• _Required work_
Using the data below, count the lines where "featuring" appears, and answer with the number alone.

• _Raw data_
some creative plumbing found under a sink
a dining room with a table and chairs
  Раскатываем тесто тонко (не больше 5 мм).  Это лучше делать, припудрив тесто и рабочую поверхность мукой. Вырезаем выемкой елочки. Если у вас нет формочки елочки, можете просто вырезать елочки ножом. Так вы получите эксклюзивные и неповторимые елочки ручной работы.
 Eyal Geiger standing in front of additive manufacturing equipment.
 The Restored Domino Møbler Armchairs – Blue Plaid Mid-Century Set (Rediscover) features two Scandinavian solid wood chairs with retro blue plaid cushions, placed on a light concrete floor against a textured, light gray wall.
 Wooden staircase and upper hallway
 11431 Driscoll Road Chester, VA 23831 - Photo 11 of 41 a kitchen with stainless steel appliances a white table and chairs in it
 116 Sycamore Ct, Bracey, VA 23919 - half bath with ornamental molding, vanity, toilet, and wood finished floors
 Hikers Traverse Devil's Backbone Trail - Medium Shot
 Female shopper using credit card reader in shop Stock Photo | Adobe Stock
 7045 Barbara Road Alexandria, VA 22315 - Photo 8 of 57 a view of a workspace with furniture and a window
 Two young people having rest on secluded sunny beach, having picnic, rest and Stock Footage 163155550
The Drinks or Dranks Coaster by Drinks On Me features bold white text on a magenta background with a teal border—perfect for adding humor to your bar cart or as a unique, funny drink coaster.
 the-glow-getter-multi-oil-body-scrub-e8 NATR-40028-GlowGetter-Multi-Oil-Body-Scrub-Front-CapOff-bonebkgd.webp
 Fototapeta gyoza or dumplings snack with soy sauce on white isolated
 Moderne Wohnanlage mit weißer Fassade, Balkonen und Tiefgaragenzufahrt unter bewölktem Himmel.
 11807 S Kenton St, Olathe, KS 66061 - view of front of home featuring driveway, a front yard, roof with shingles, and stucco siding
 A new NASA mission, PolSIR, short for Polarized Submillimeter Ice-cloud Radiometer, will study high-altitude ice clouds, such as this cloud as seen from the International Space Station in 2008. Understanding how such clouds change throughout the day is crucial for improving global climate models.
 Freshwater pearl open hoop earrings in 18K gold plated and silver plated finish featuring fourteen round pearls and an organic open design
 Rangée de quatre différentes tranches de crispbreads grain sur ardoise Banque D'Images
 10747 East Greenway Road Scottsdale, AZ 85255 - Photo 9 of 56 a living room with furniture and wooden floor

• _Task response_
2